The question hung in the air like a blade.
For a brief second, he saw it, the instant she realised she had his full attention.
Her face lit up, the kind of brightness that had nothing to do with happiness and everything to do with obsession finally being acknowledged.
"Yes!" she said, as if she had just been praised. "I did it all for you, Isaac! Everything, every little thing."
Her eyes shone with feverish pride.
"I'm so glad you've finally noticed," she said, taking another step toward him. "But now we can be together, right?"
Something in him snapped.
There was no slow build of anger.
Isaacs's fist moved faster than his thoughts, connecting with her face.
Thud!
The impact jolted up his arm, rattling his shoulder.
It was an action he would've never done if he were in his right mind.
There was no justification for throwing the punch; he hated himself for doing such a thing, as he didn't want to stoop to the girl's level, and yet he had already done so.
He should have ignored the girl and just walked away, yet he couldn't.
She stumbled back and fell, hitting the ground with a dull thump, one hand flying to her cheek.
She wiped the blood from her nose with a trembling hand.
Then she smiled.
"Hehe~" she giggled, the sound thin and breathy. "Even when you hurt me, it feels like love."
She tilted her head, eyes wide and glassy.
"It means you're finally seeing me, right, Isaac?~"
Isaac staggered back a step.
Bile rose in his throat, sour and burning.
The girl in front of him had ruined Aria's life.
She was the reason Aria's car had been vandalised, the reason her reputation was in pieces, the reason her parents looked at her with disgust through a phone screen.
All of it.
Her fault.
"Why? Just… why?" he managed, his voice low and rough.
Her giggle lingered in the air, light and wrong.
"Ehehe~ I did it all for you, I did it so we could be happy!

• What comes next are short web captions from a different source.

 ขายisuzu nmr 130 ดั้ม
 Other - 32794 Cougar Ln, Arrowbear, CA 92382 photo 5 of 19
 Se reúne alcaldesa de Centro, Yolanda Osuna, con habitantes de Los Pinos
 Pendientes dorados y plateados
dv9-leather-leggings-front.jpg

Everything was for you…" she said, like it was the most obvious thing in the world.
His hands curled into fists again at his sides.

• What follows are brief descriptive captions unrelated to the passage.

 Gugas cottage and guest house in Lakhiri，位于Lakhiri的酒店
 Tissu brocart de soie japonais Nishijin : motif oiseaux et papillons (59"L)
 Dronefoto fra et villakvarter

"Why would you do such a thing?" he demanded, anger finally spilling into his words. "Are you fucking sick?"
"You're all I ever think about…" she breathed.
Her eyes shone with a feverish glow that made his skin crawl.
"Every single second… ever since the first moment I saw you in that magazine, Isaac."
Magazine.
He remembered then.
The part-time modelling work.
The ad that had gone around campus for a while.
His face in the corner of a page, the kind of image people glanced at once and forgot.
She hadn't forgotten.
The girl looked up at him with eyes filled with madness.
She terrified him.
"I can't stop…" she continued, her voice dropping to a whisper that was somehow worse than shouting. "I can't get you out of my head. You're my everything… I love you…"
She lay on the ground, giggling again, the sound broken.
Mud clung to her clothes.
Blood from her nose dripped down over her lips and chin.
The bandages wrapped around her wrists had come loose, slipping down to reveal scarred, uneven flesh beneath.
It was all on display.
A grotesque show of how deep her obsession ran, carved into skin and bone.
She reached for him, fingers clawing at the air until they found his leg.
Her hand latched onto his trousers, gripping his calf.
He looked down at her with a disgusted expression he couldn't hide.
"You're fucking insane," he said.
He didn't raise his voice.
He didn't need to.
The words were flat, stripped of anything but raw revulsion.
He didn't want to be standing here anymore.
He didn't want to hear her voice or see the way she looked at him, like he was some salvation she'd decided she deserved.
He just wanted to leave.
To go home.
To get back to Aria and the quiet apartment that had become his entire world.
"Isaac, you need me…" she whispered, fingers tightening around his leg. "I will always love you, no matter what you do… I'll never let you go…"
He tore his leg away from her grip, more forcefully than he intended.
His chest heaved.
Every breath scraped against his lungs.
He turned away from her, refusing to look back as she lay there on the ground, giggling through blood and dirt and unravelled bandages.
All he could think about was Aria.
Her locked door.
Her shaking hands.
All he wanted now was to get home, to see her, to protect what little they had left.
But as he walked away, the stalker's words clung to him like rot, seeping into the cracks of his thoughts, refusing to let go.